Portability, Modularity and Seamless Speech-Corpus Indexing and Retrieval: A New Software for Documenting (not only) the Endangered Formosan Aboriginal Languages
Jozsef Szakos, Providence University
Ulrike Glavitsch, Federal Institute of Technology (ETH)

Word Version
SpeechIndexer as a new software addresses the problem of language documentation and sharing of collected materials in reviving endangered languages. The rapid disappearance of Austronesian languages in Taiwan and the urgent need for their revival call for an easy to use software in the field, and compatible with further systems, which has an indexing capability between a first broad transcription of speech and its unsegmented, searchable digitized recording.

SpeechIndexer has two versions, one for the preparation of data and one for the search and sharing of the database. The researcher correlates the transcribed morphemes with the highlighted data from the authentic audio recording and creates indices. He/she can then string-search the database according to morphemes, grammatical tags, etc., depending on the indices prepared. One of the advantages of SpeechIndexer is the flexibility for the user so that he can seamlessly define the length of the context of the retrieved speech, practice in learning or save copies for further analysis.

Upward compatibility is guaranteed, since the database results are on CD and the software runs in the Java environment, which will be around for some time to come.

The portability is given by the small file size of the program itself and the indices generated. Since the original recordings will not be modified during the process, the software can be a good means of direct archiving, too and it can complement the mostly mainframe systems of most language documentation efforts1.

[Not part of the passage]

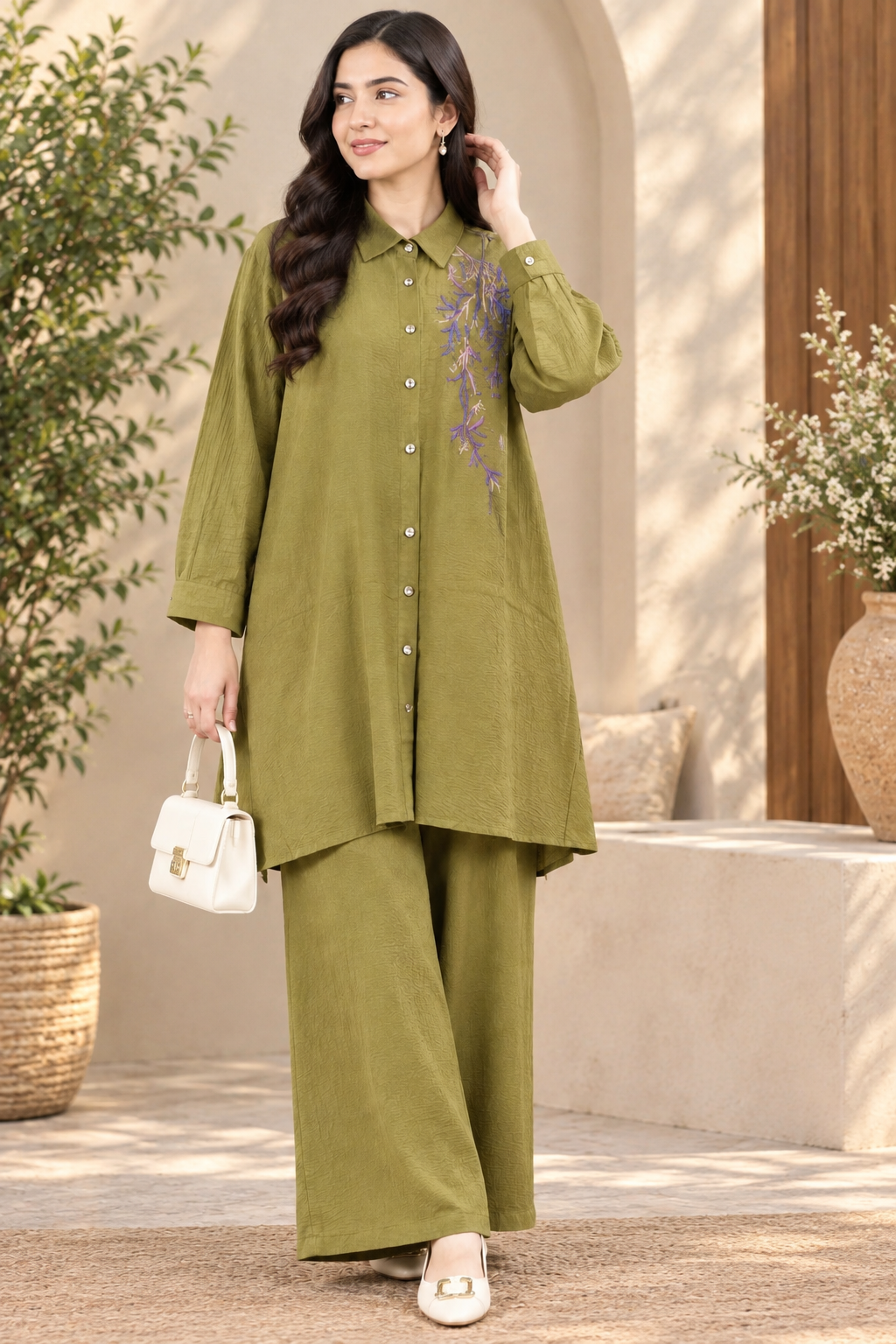 Floral Embroidered Button-Down Co-Ord Set for Women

1. Introduction - Corpora and Language Documentation  
The development of corpus linguistics in western countries was mainly based on research needs arising from written language forms [6]. "Father Busa was primarily concerned with his monumental work, the Index Thomisticus, a complete concordance of the works of St. Thomas Aquinas. He began the work of analyzing and collating the Thomistic corpus using electromechanical card-sorting machines in 1949. Father Busa pioneered many of the techniques required to encode a complex textual corpus to produce a comprehensive, analytical, contextual concordance."2 These early linguistic needs included concordances of philosophical, biblical, literary works and the major tasks of programmers consisted in creating KWIC (keyword in context) concordancers (Micro-OCP3, Monoconc4, Paraconc5), search engines and statistical search programs [4]. By the end of the 20th Century the growth of computing power resulted in large size corpora (BNC6, etc.), which by then needed grammatical taggers and more complex search interfaces (SARA7) [1]. All the languages involved in early corpus linguistics were standardized over centuries, dominated by the philological research, lacking the diversity offered by the documentation of languages and dialects without established orthographic systems.

While our main aim is to raise the unwritten languages to the level of well-documented languages of classical/dominant civilizations, we may learn from their experiences and complement these corpora. Such national collections provide balanced records of the language of a certain period. They aim to be representative, but a language documentation should try to be complete and comprehensive, too.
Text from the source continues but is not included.